Press Release
March 18, 2022 • 3 min read
Humanitarian needs are growing in Syria’s northwest despite continued effort to reach more communities.
GOAL remains one of the leading aid agencies supporting conflict-affected and vulnerable people in Northwest Syria. Operating in Syria since 2012, GOAL currently has more than 900 local staff working to deliver aid in Idleb and Northern Aleppo, supported by teams in Jordan, Turkey, and Dublin. GOAL’s programmes in Northwest Syria focus on emergency response (including winterisation and disaster preparedness against floods and snowstorms) and shelter improvement, promoting resilient healthcare by supporting the supply of clean piped water, improving food security through in-kind and cash-based assistance, and providing nutrition aid for young children and pregnant and lactating mothers.
The war in Syria has resulted in the world’s largest and most protracted migration crisis, with more than 5.6 million Syrians fleeing the country to escape the conflict and over 6 million people displaced inside Syria.
GOAL’s work in Northwest Syria has continued to evolve over the last 10 years. In 2020, GOAL began scaling up its cash-based humanitarian programmes, and initiated projects to support strengthening of local markets to help early recovery. GOAL also continues to support the supply of clean piped water to a population of over 850,000, and provides technical assistance and inputs to 32 bakeries to make affordable bread available for more than 160,000 families.

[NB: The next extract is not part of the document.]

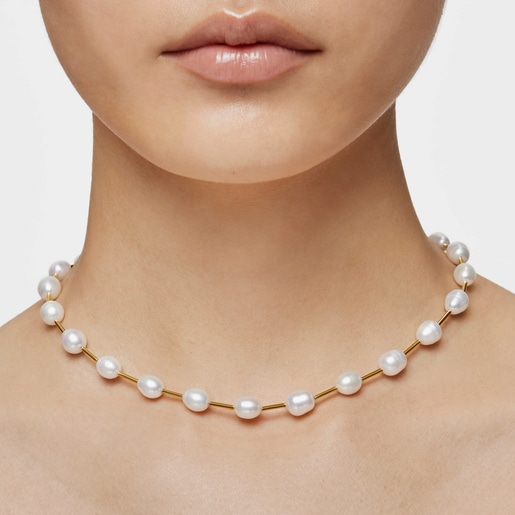 Tube Choker with 18kt gold plating over silver and cultured pearls Gloss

Since 2020, GOAL has also been active in advocating with the UN and other stakeholders for the renewal of the Security Council’s cross-border humanitarian assistance resolution critical to the supply of aid into Northwest Syria.
Speaking about his work, Nebras Haj Hamdan, Area Coordinator for Idleb with GOAL’s Syria Response Programme, said:
“I began working with GOAL in 2013, after having experienced displacement myself when the war started. Our efforts to support water stations and bakeries in new communities in Northwest Syria, and to reach more vulnerable families with sustainable food security assistance in addition to safe water and subsidised bread have brought vital support to conflict-affected populations all these years. But there is an urgent need for long term programmes focused on early recovery and livelihoods for the new generation of Syrians to not lose hope in the future of their country.”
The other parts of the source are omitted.